→ **Aim of the task**
For the listing that follows, give again exactly the lines from the one with "595 - Short ample mauve" to the one with "قسم اللغة العربية", including both.

→ **Input records**
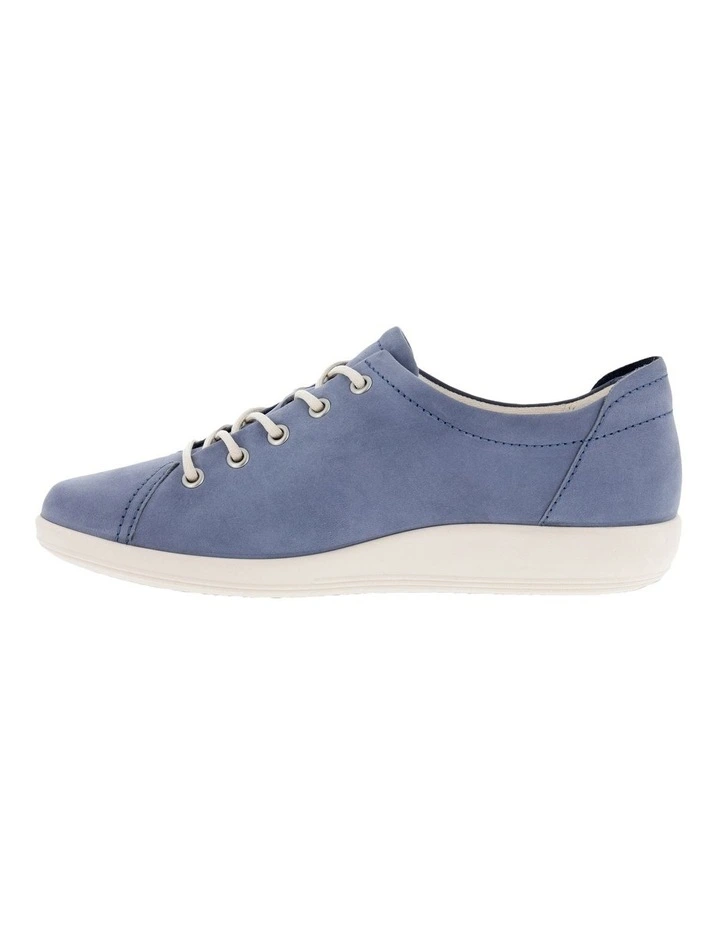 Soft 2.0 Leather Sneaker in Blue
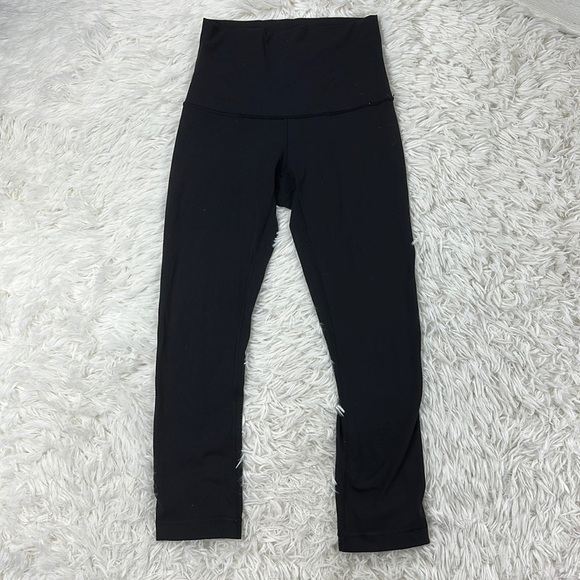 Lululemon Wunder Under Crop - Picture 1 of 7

---

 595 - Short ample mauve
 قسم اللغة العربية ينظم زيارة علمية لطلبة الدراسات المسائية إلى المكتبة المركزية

...

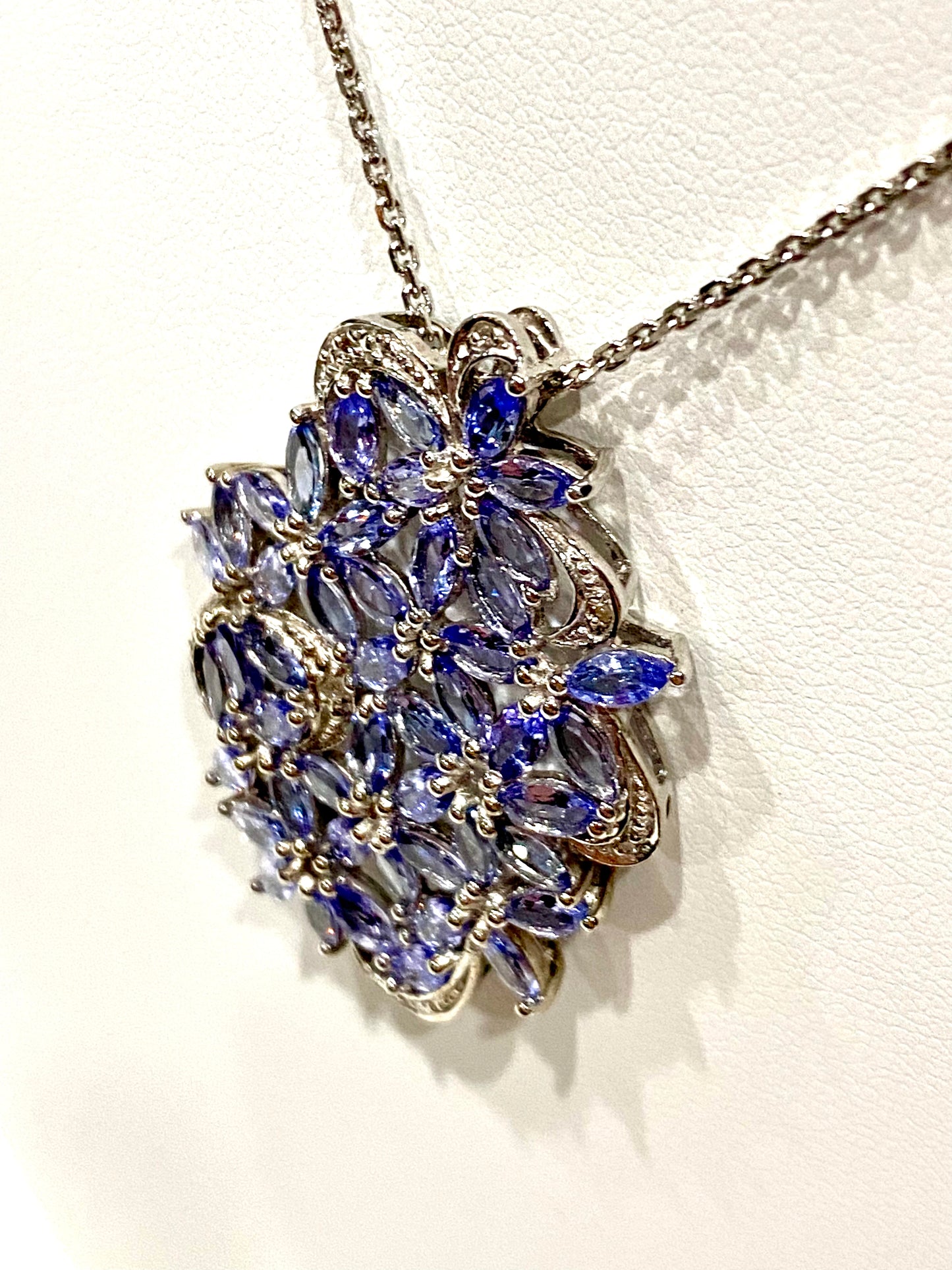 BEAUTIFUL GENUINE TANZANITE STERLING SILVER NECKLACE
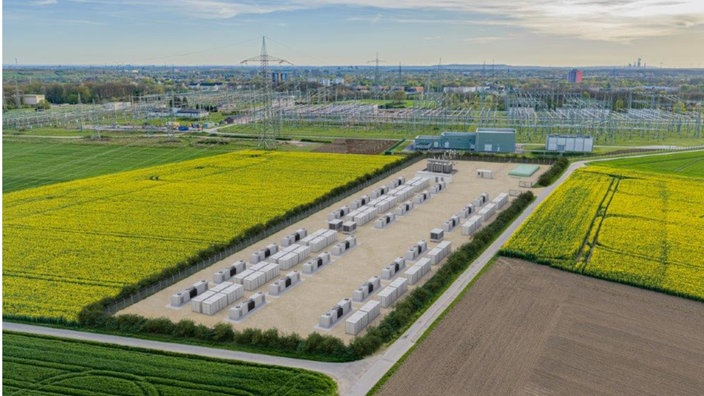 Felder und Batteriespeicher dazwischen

→ **Result**
 595 - Short ample mauve
 قسم اللغة العربية ينظم زيارة علمية لطلبة الدراسات المسائية إلى المكتبة المركزية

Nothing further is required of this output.